Durante séculos, o Japão bastou-se com seus problemas e mistérios. Não havia a tal fúria capitalista do mundo dito “ocidental-civilizado”. A isolada cultura nipônica seguia o seu curso contínuo, lento e inexorável. Hoje, bem se podia dispensar grande parte da parafernália advinda pós-Hiroshima. O excesso de tudo borbulha, fria e ruidosamente, no alvorecer do ano novo. Nas metrópoles não há indícios de poluição, mas algo no ar intoxica. Não há mais tempo para apreciar as estéticas dos jardins. Nem para escutar o pouco que ainda resta do grasnido áspero do corvo, do canto estridente da cigarra e do coaxar denso do kaeru (rã).

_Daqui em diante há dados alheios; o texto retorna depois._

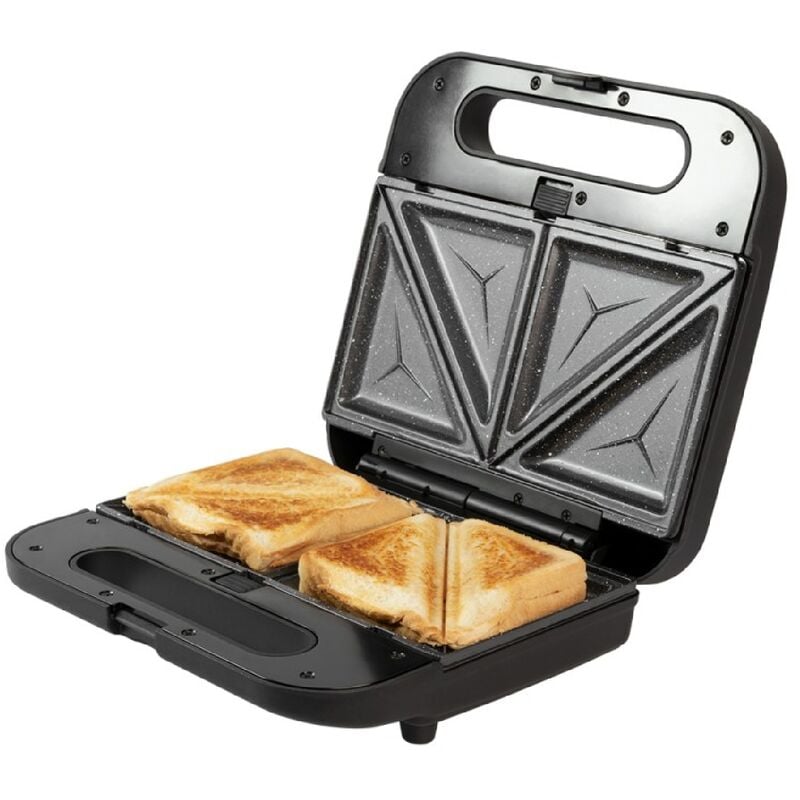 Sandwichera con Placas Intercambiables Rock'n Toast 1000 3in1. 800 w, Capacidad 2 Sándwiches, Acabados Acero Inox, Revestimiento de Piedra, Incluye 3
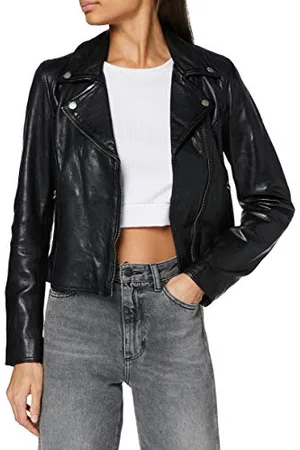 Freaky Nation Bali-FN SC Blouson en Cuir, Black, S Femme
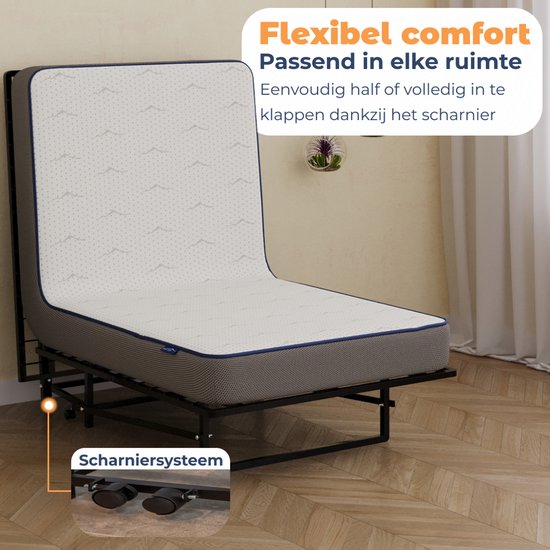 Best Life Lit pliant 90x200 - Lit d'appoint avec matelas - Lit pliant - Lit pliant 1 personne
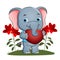 The sweet elephant is holding a big heart with the happy face for valentine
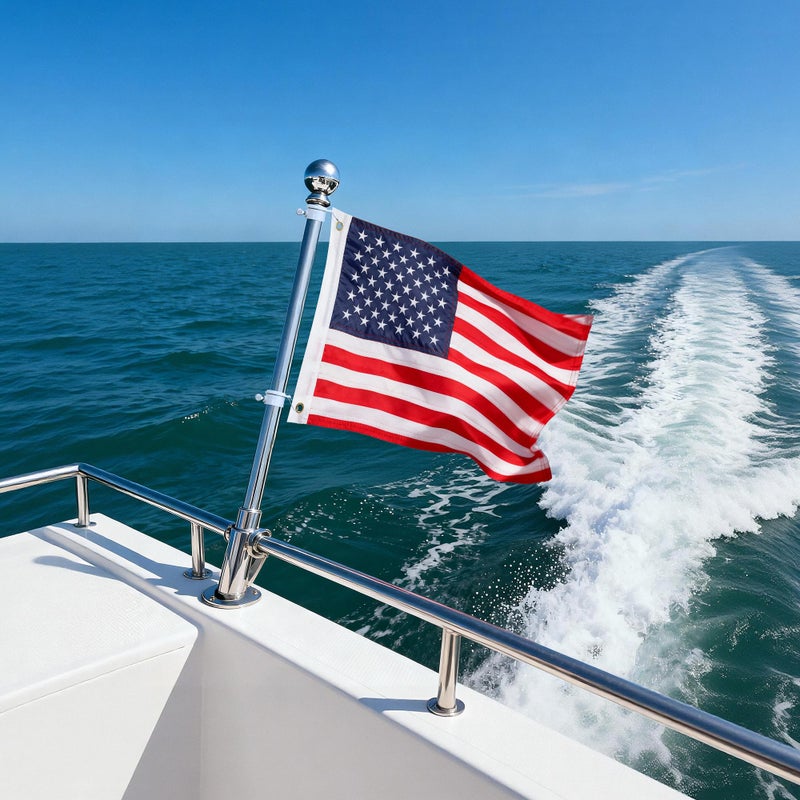 HOOSUN Small American Flags,12.5 x 18 Inch Boat Flag Heavy Duty Nylon With 2 Brass Grommets Embroidered Stars,Patriotic Presidents Day Decorations American Flag for Boat,Small USA Flags for Bike,Car - Image 2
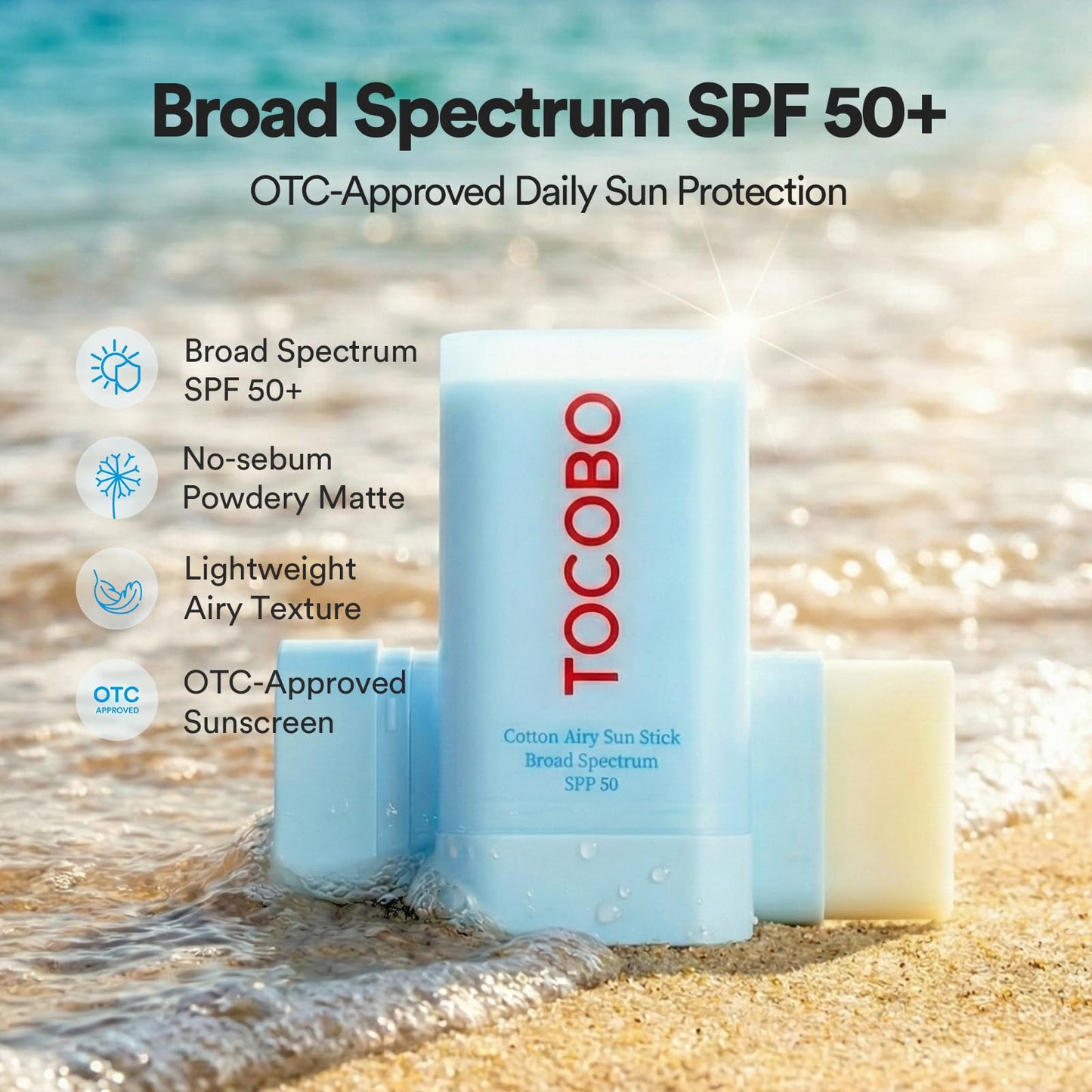 TOCOBO Cotton Airy Sun Stick SPF 50 Broad Spectrum Korean Matte Sunscreen Stick for Face - Travel Size Sebum Control Sunblock -Vegan, Lightweight Beauty and Personal Care TOCOBO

O japonês vive mais na rua do que em casa. Mas é na rua que se constata uma sociedade igual, justa e homogênea. Por esse motivo o Japão é um país seguro. Idosos e mulheres podem sair sozinhos. Há senhoras andando de bicicleta nas noites frias do inverno. Em Osaka, numa cafeteria com mesas sobre a calçada no movimentado bairro de Namba, vi uma jovem deixando o café com creme, o celular e a carteira abandonados por alguns minutos. Nesses cafés, chega a ser normal dorminhocos “oferecerem” documentos aos passantes. Aqui, a consciência de grupo se sobrepõe à individual.

© Atílio Avancini

Ter um carro significa possuir uma casa ambulante. Automóveis estacionados se transformam em lar. Dentro, os motoristas comem, dormem, assistem à TV, lêem jornal, fazem a barba e até escovam os dentes. A solidão é uma tendência: não é preciso fazer amizade ou entrar na intimidade de alguém. Os relacionamentos se resumem apenas ao meio profissional. É hábito não ter envolvimento com vizinhos, tampouco receber amigos em casa. As relações são permeadas por ares de cordialidade. Abraços, beijinhos, apertos de mão e toques corporais significam invadir terreno alheio.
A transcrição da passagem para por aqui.